YOUR TASK —
The lines to repeat are those below from the one containing "Kit com 5 Válvulas" down to the one containing "Ruokailuryhmä Lina 200x90", both included; reproduce them exactly and nothing else.

SOURCE MATERIAL —
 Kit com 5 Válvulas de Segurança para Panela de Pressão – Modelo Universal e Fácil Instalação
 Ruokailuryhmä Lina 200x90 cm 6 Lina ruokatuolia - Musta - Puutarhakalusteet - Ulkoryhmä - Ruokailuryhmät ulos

--

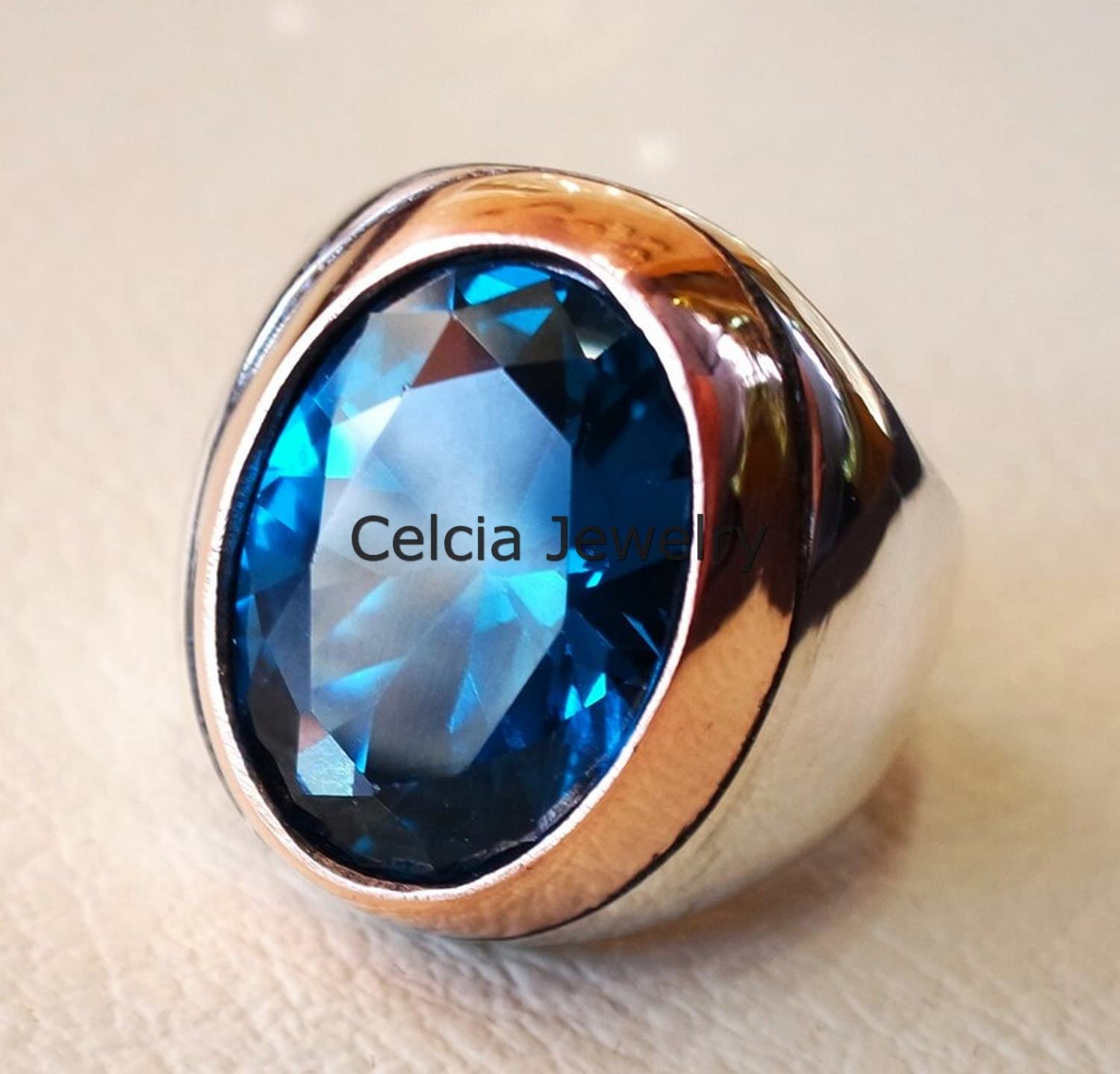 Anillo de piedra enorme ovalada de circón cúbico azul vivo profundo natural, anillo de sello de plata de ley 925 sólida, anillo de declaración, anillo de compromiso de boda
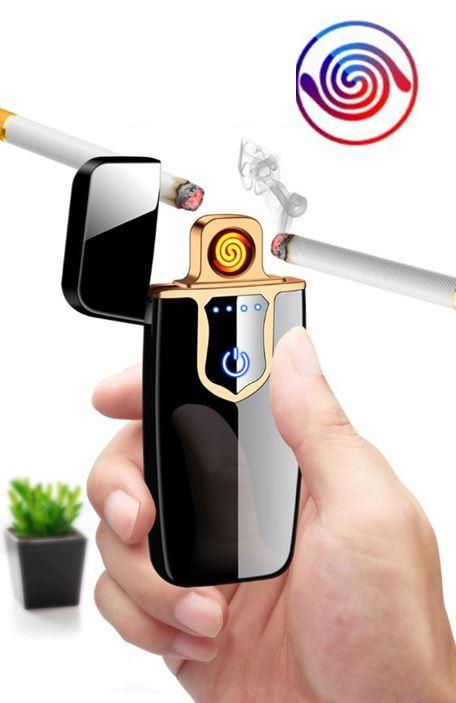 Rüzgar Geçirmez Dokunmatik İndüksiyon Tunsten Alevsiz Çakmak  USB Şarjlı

---

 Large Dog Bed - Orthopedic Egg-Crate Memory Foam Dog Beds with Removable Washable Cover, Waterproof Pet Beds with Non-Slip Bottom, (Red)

WRITTEN REPLY —
 Kit com 5 Válvulas de Segurança para Panela de Pressão – Modelo Universal e Fácil Instalação
 Ruokailuryhmä Lina 200x90 cm 6 Lina ruokatuolia - Musta - Puutarhakalusteet - Ulkoryhmä - Ruokailuryhmät ulos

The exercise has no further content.